In the case of an allogeneic transplant (one in which the stem cells are from a sibling or an unrelated, matched donor), the patient is hospitalized for about 35 days.  Upon discharge, they must reside within a thirty minute drive to Children’s Hospital until “Day +100” post transplant.  This is the time when the risk of infection and rejection of the graft is most critical.

He and his mother stayed at the House until December 5, 2009. The staff and Board at RMH had to make adjustments in order to provide a home away from home.  Through a coordination effort between the staff, the Board and the stem cell transplant team at Children’s, room 108 at the House was transformed into a self-contained living quarter.  The room was cleaned extensively, a drop leaf table was purchased for Cory and Jennifer to eat meals on, an existing daybed was moved into the room to make a sitting area, and a sweeper and a microwave were provided for their use only.  The hospital provided a small refrigerator, and cable was installed along with a TV and DVD player.

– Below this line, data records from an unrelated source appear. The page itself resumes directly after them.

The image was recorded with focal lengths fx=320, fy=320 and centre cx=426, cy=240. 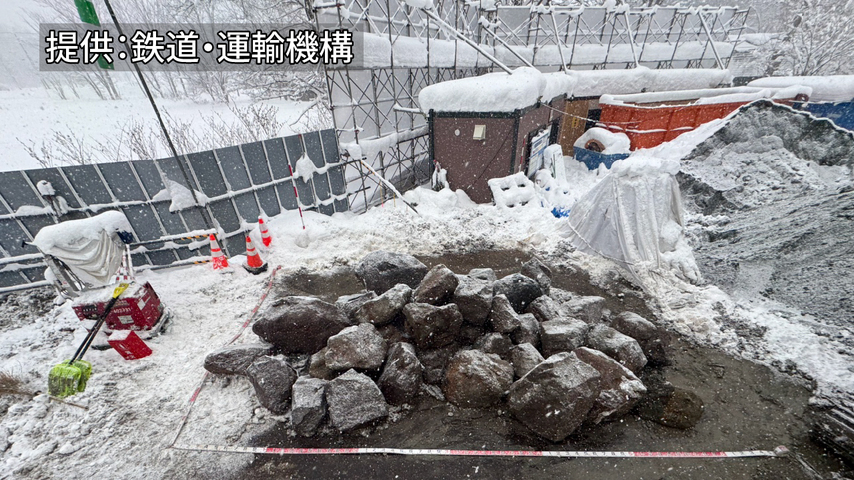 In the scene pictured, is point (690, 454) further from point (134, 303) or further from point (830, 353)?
point (134, 303)

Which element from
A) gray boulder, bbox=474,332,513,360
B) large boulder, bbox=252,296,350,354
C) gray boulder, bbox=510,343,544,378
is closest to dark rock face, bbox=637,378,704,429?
gray boulder, bbox=510,343,544,378

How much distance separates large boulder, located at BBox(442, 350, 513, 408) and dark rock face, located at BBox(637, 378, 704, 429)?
1.64 meters

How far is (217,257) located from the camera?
249 inches

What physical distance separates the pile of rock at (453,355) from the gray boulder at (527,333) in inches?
0.5

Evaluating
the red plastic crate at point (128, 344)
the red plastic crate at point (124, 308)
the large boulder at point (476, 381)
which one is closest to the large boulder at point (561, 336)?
the large boulder at point (476, 381)

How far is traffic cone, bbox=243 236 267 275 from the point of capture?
6.28 metres

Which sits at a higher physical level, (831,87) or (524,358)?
(831,87)

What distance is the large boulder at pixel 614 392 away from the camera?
139 inches

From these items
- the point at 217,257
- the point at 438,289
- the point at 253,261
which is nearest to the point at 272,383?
the point at 438,289

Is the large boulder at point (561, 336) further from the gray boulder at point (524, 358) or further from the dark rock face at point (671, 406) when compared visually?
the dark rock face at point (671, 406)

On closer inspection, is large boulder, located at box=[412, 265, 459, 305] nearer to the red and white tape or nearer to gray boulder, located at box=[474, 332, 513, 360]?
gray boulder, located at box=[474, 332, 513, 360]

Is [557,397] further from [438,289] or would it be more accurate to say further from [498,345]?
[438,289]

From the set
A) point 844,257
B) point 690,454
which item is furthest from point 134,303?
point 844,257

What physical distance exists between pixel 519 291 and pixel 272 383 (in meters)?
3.52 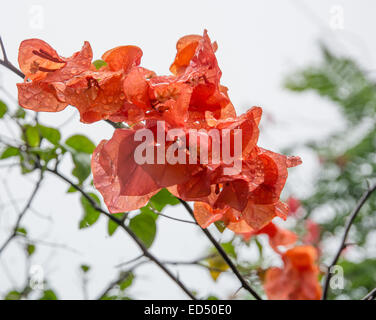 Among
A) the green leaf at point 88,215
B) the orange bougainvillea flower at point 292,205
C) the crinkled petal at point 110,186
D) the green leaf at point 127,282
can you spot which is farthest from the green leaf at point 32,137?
the orange bougainvillea flower at point 292,205

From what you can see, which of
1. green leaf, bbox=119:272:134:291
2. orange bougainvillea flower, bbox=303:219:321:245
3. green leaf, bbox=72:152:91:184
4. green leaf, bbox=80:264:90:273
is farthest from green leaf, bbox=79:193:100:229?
orange bougainvillea flower, bbox=303:219:321:245

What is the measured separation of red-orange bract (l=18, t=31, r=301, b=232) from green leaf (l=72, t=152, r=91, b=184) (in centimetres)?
17

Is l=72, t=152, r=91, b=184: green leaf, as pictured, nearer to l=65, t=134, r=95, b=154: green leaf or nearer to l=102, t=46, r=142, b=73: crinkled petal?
l=65, t=134, r=95, b=154: green leaf

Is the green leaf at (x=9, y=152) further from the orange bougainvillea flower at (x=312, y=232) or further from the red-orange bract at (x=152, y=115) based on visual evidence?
the orange bougainvillea flower at (x=312, y=232)

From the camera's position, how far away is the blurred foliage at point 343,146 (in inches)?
78.7

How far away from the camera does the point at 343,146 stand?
230 centimetres

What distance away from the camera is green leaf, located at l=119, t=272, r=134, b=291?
0.70 m

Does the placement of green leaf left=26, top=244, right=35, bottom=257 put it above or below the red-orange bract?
below

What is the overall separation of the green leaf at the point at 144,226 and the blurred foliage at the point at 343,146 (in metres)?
1.58

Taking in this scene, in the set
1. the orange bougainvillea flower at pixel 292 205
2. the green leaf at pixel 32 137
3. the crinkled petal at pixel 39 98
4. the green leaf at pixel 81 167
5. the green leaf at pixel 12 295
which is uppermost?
the crinkled petal at pixel 39 98

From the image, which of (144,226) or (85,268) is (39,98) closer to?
(144,226)

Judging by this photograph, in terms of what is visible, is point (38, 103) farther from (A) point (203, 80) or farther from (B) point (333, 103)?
(B) point (333, 103)

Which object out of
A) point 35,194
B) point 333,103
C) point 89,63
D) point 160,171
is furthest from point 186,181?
point 333,103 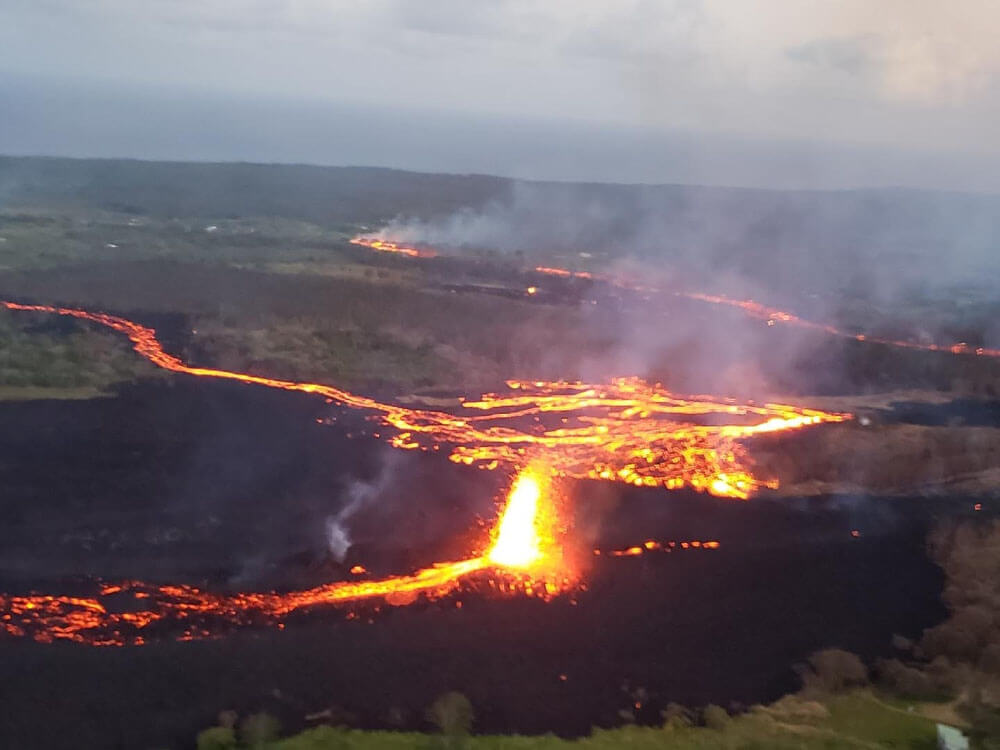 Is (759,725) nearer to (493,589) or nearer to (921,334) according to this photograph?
(493,589)

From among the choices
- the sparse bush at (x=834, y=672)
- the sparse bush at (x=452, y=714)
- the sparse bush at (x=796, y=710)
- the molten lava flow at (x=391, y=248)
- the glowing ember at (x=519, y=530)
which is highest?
the molten lava flow at (x=391, y=248)

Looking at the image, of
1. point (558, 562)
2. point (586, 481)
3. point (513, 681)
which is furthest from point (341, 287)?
point (513, 681)

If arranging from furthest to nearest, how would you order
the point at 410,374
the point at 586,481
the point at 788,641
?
the point at 410,374, the point at 586,481, the point at 788,641

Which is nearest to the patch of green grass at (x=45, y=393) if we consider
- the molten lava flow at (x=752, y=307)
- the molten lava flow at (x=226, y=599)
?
the molten lava flow at (x=226, y=599)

Arrangements were made so Cory could receive the first helping of every meal: due to his fragile immune system, he could not have any leftover food or anything from the snack table that was not prepackaged.  The Day Room downstairs was repurposed as well: the hospital found a tutor for Cory and the former Day Room is now his classroom, complete with computer access for his laptop.

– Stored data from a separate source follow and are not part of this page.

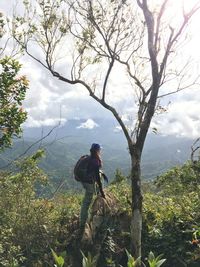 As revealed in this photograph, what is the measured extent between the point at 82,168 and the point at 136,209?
2.06m

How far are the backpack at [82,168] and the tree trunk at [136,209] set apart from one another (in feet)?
4.85

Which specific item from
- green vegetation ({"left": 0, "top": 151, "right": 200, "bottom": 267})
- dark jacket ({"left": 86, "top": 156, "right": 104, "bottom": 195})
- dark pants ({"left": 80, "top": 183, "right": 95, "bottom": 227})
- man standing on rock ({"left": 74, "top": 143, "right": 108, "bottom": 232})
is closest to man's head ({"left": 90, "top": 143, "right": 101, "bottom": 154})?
man standing on rock ({"left": 74, "top": 143, "right": 108, "bottom": 232})

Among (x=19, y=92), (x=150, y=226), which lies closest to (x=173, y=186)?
(x=150, y=226)

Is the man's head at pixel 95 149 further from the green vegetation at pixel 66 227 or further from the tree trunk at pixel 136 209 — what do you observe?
the green vegetation at pixel 66 227

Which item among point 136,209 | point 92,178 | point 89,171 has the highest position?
point 89,171

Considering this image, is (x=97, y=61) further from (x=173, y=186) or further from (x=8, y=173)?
(x=173, y=186)

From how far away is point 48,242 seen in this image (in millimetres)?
14227

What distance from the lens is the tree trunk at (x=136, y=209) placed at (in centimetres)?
1325

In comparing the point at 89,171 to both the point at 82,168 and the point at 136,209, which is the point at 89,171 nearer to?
the point at 82,168

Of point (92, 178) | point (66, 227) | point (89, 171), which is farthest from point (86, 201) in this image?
point (66, 227)

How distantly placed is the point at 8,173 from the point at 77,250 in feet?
10.5

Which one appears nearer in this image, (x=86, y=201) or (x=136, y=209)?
(x=136, y=209)

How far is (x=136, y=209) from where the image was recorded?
1330cm

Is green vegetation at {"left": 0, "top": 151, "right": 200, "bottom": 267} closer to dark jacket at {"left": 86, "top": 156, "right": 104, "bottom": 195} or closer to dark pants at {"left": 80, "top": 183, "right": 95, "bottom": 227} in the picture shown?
dark pants at {"left": 80, "top": 183, "right": 95, "bottom": 227} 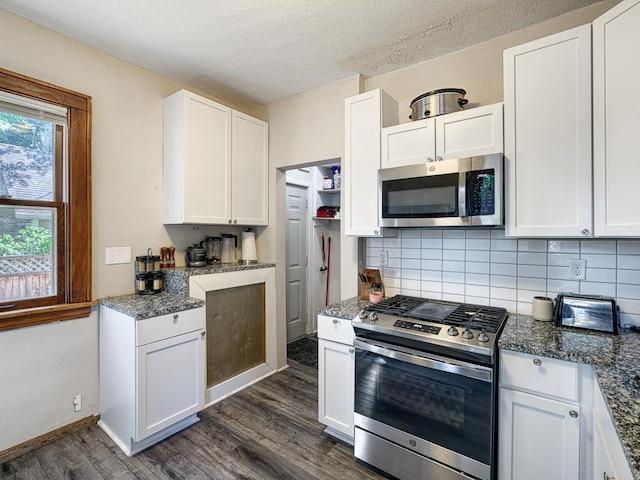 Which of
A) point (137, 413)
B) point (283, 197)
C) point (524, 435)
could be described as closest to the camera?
point (524, 435)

His mother said that his disease and treatment caused him to mature in a relatively short period of months.  It has also changed the way he looks at life.  Before his diagnosis, he wanted to be an auto mechanic.  He now wants to be a nurse.  In a sign of his new maturity, he told his mom, “I don’t want anything for Christmas this year, I just want to be home with my family”.

Today, Cory is doing amazing.  He recently had a bone marrow test and that showed no cancer and he is in complete remission.   While he is still being home schooled, he hopes to return to school in the fall. Cory, his parents and sister Alexis are getting ready to go to go to Disney, a trip recently provided by the Make-A Wish- Foundation.